Host Card Emulation
Securing a mobile phone such that it can be used to make credit or debit transactions at a physical point-of-sale (POS) terminal is a challenge. Payment systems based on magnetic stripe cards have evolved to use EMV chip cards and the natural next stage was to utilize dedicated security hardware inside most phones called a Secure Element to host the payment application, user payment credentials and the associated cryptographic keys.

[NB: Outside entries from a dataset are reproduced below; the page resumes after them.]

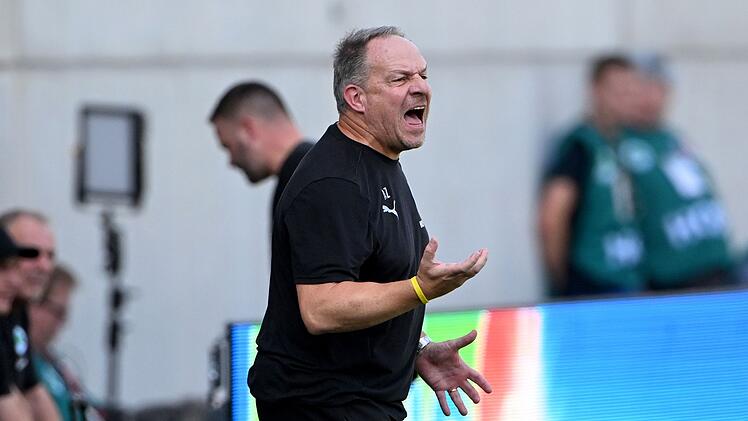 F&uuml;rth-Trainer mit Entschuldigung nach Ansage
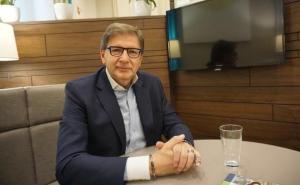 Hadžikadić koristi vještačku inteligenciju u rješavanju političkih problema u BiH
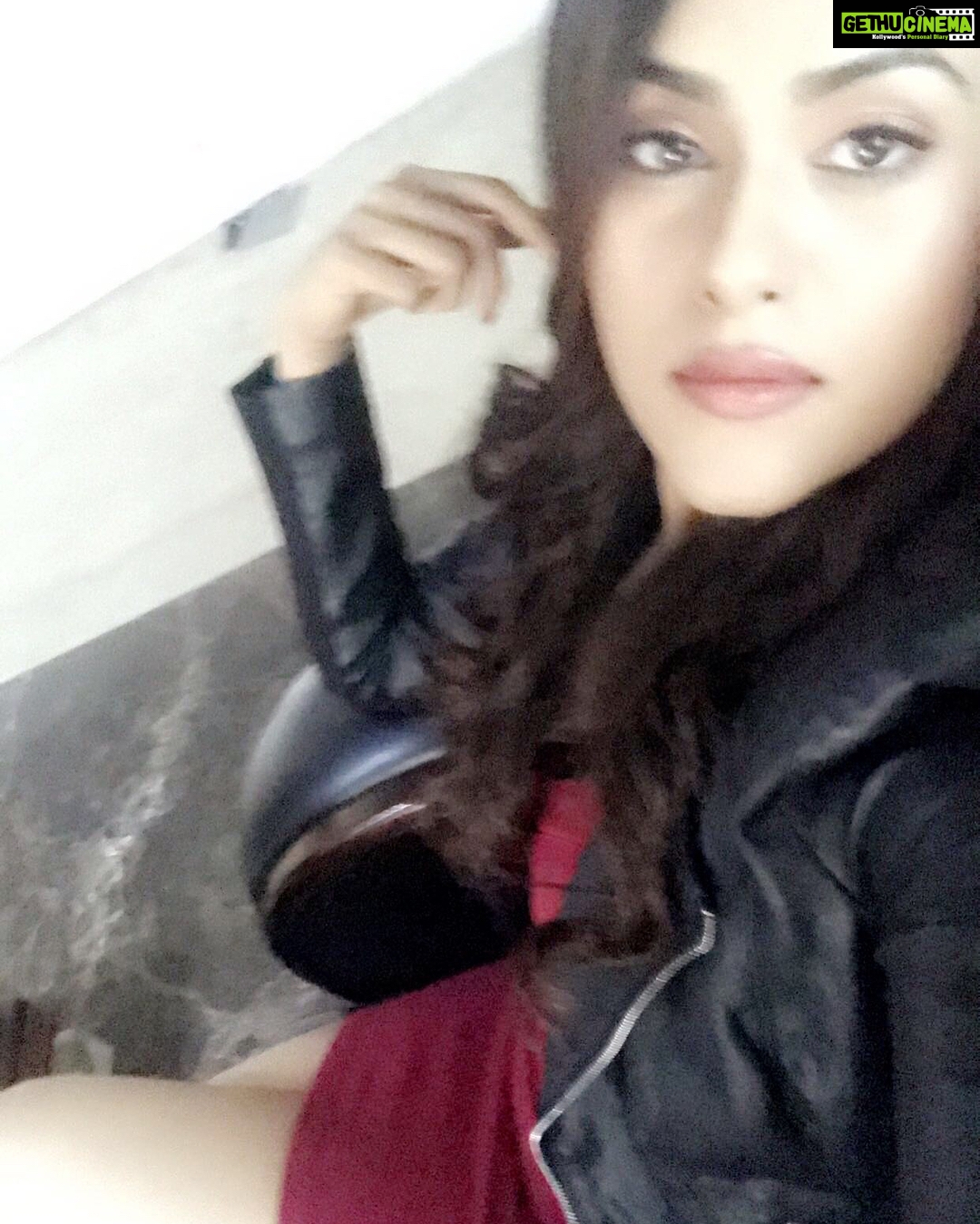Naira Shah Instagram - Promotions! #eee#tollywood#22nd#december#2k17#happy#excited#cantwait#lovemyself#proud#blessed#thankyougod😍❤#4daystogo Hyderabad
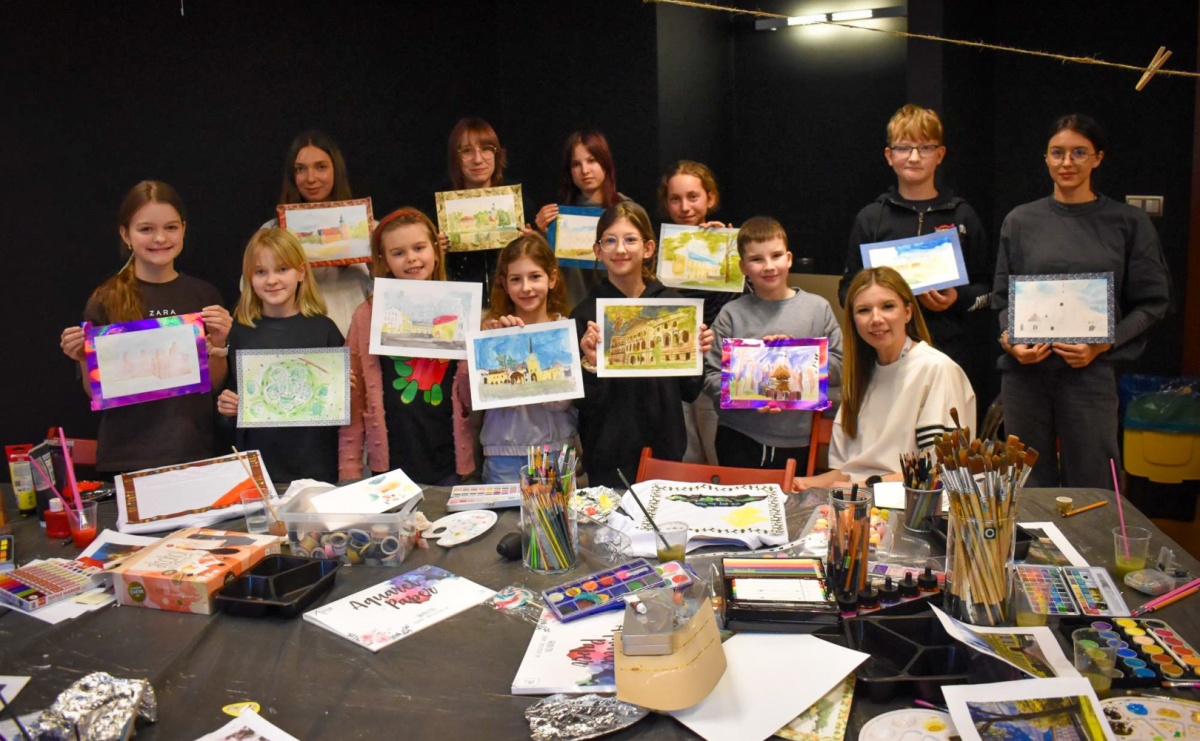 Art Camp na Zamku Piastowskim: Młodzi twórcy malują historię i przyszłość zabytków - Serwis informacyjny z Raciborza - naszraciborz.pl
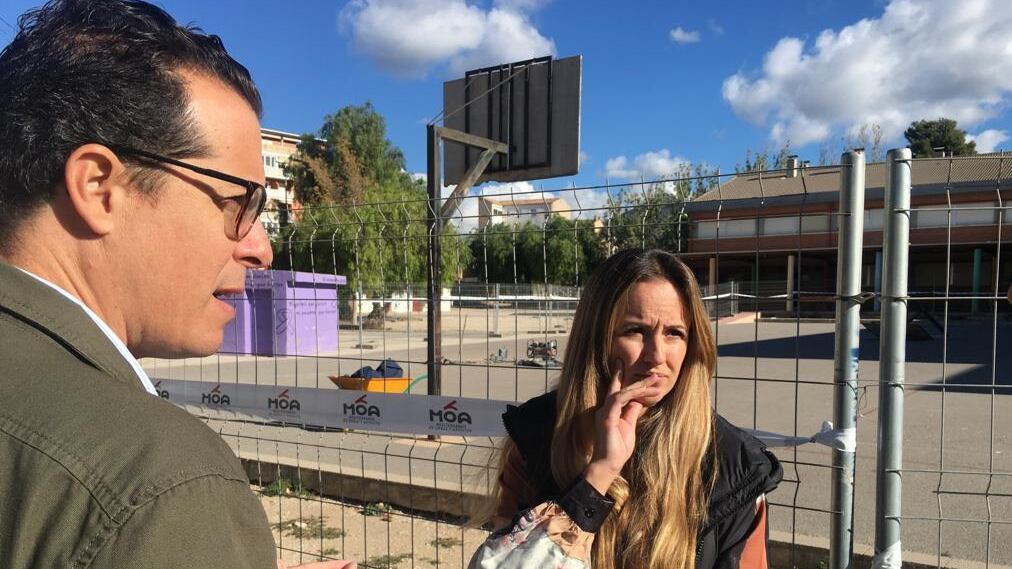 Alfaro visita el colegio Miguel Hernández de Elda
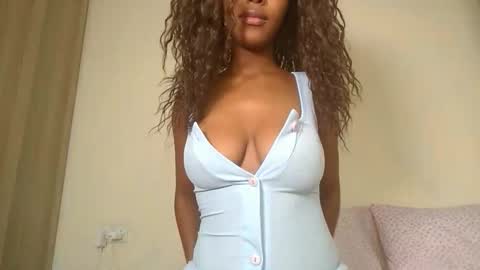 Snapshot of snowfox254 chatting on 09.15.25 snowfox254 online show from 09.15.25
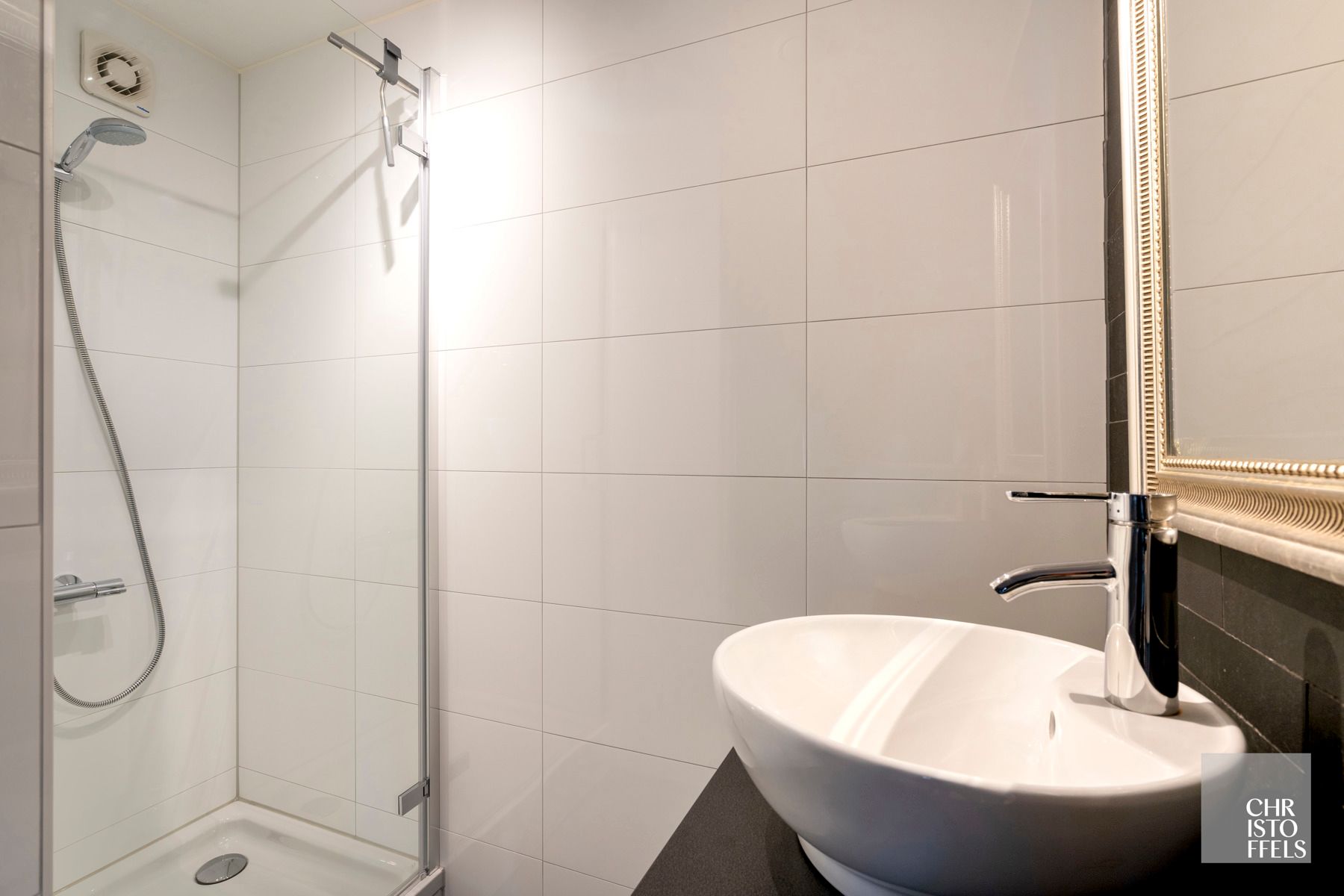 Energiezuinige, instapklare pastorijwoning met 4 slaapkamers in rustige buurt! foto 15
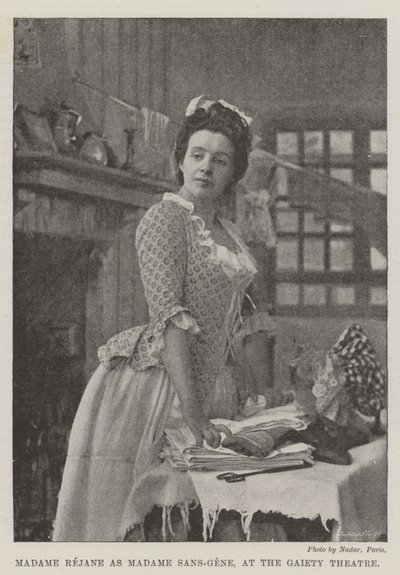 Madame Rejane als Madame Sans-Gene, in het Gaiety Theatre door English Photographer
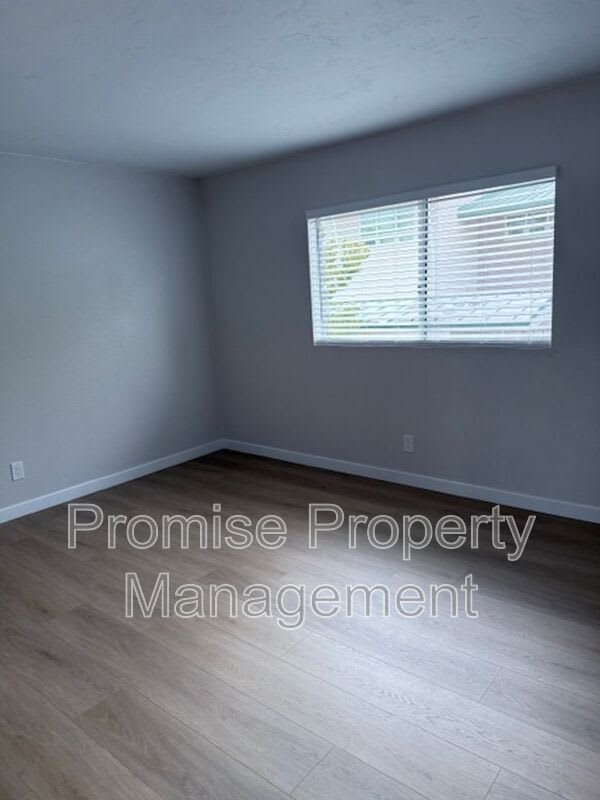 505 E. Madison Ave – photo 5
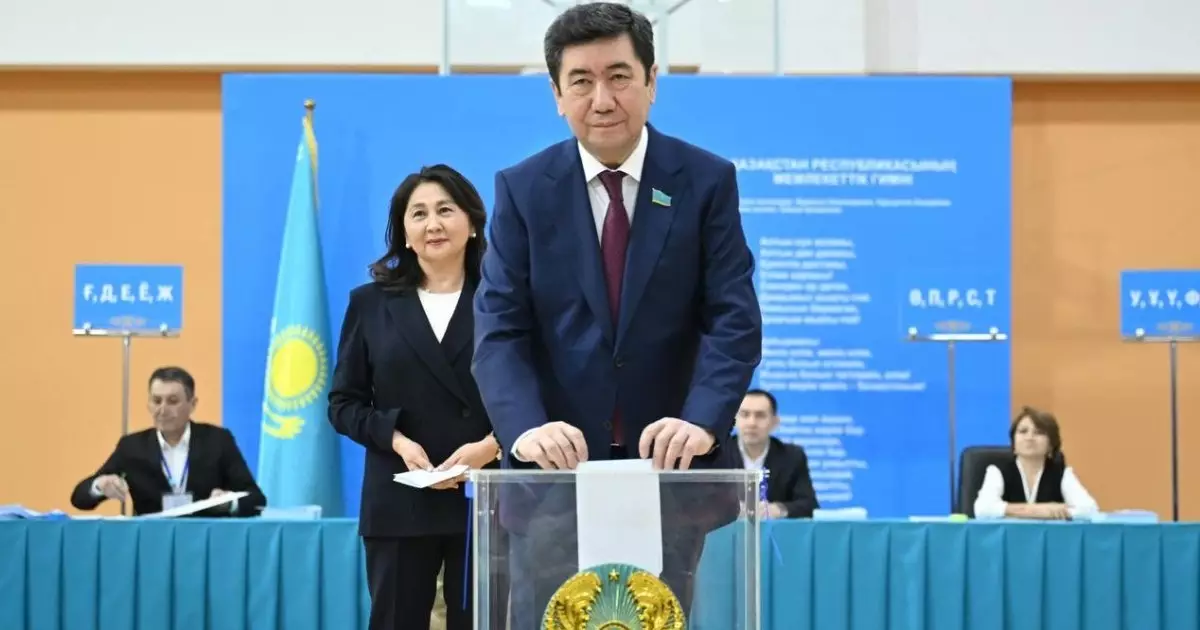  Мәжіліс төрағасы республикалық референдумда дауыс берді 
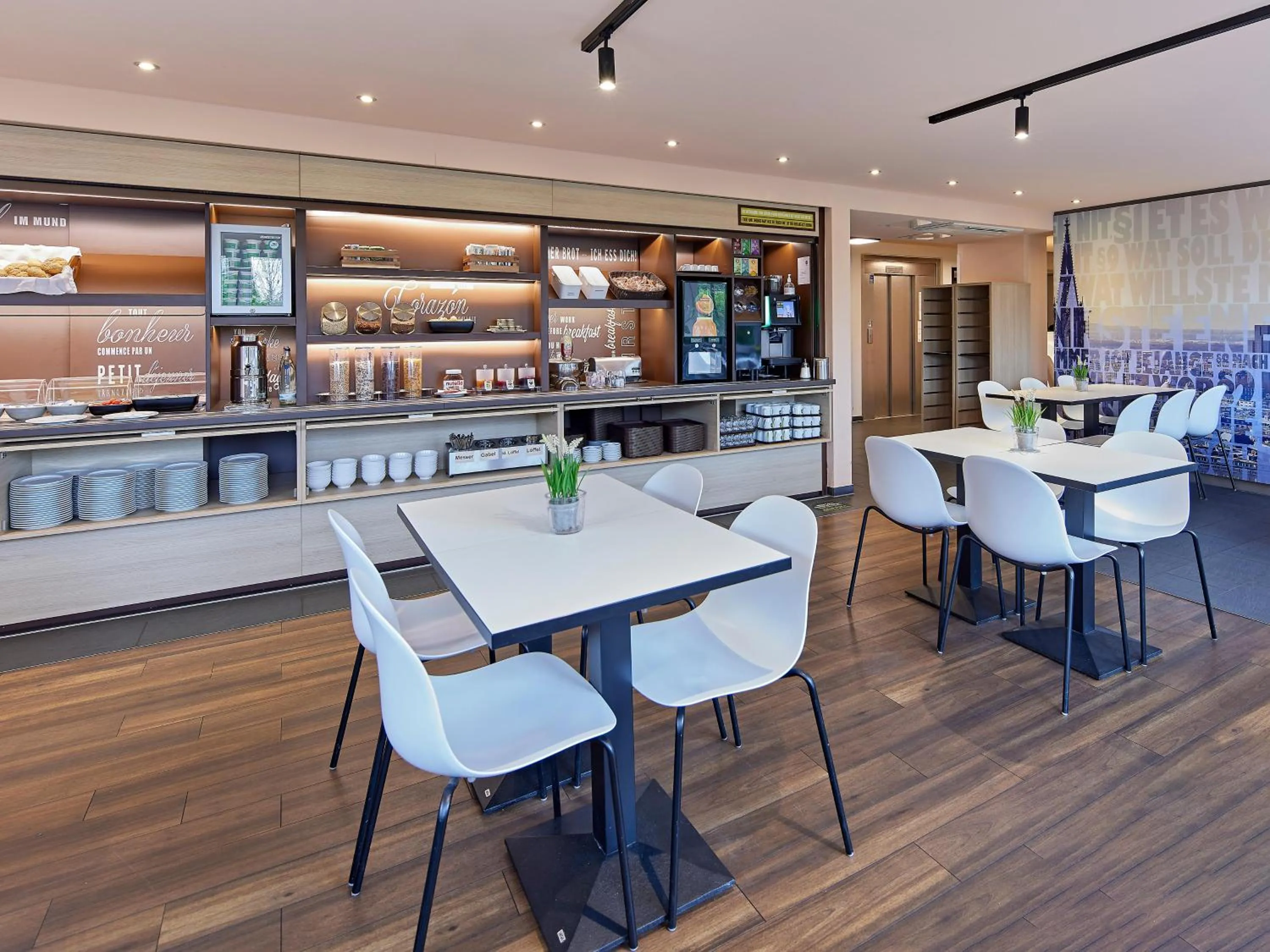 Restaurant/places to eat in B&B Hotel Köln-West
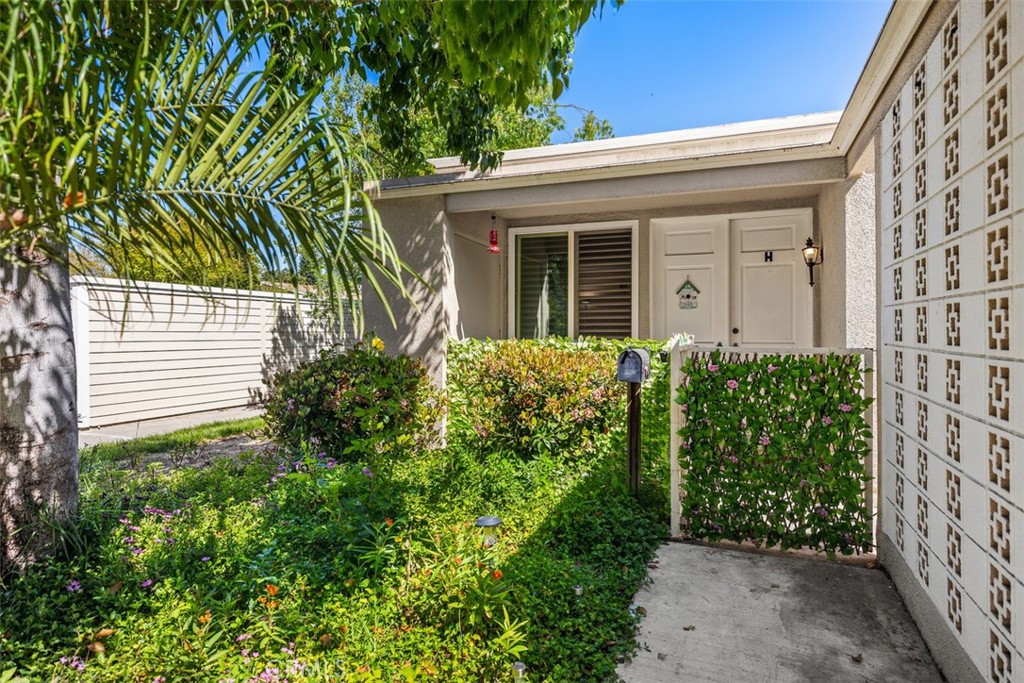 321 Avenida Carmel H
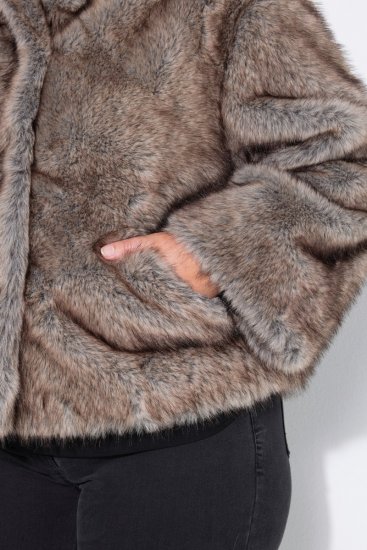 Ulla Popken 854617 Casaco de pelo sintético Bege - Jaquetas - Casacos plus size para mulher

However, this approach has proven difficult to take from pilot to mass deployment for a variety of reasons – lack of standardization for mobile phones, complex certification requirements and, most importantly, the reluctance of many banks to cede control to a third party, the Trusted Service Manager (TSM). In the TSM model the bank pays to ‘rent space’ on the Secure Element, which is typically controlled by a mobile network operator (MNO) or handset manufacturer. To overcome these challenges an alternative approach is rapidly gaining support - host card emulation (HCE). With HCE, critical payment credentials are stored in a secure shared repository (the issuer data center or private cloud) rather than on the phone. Using host card emulation, limited use credentials are delivered to the phone in advance to enable contactless transactions to take place. Although host card emulation eliminates the need for TSMs and shifts control back to the banks, it brings with it a different set of security and risk challenges.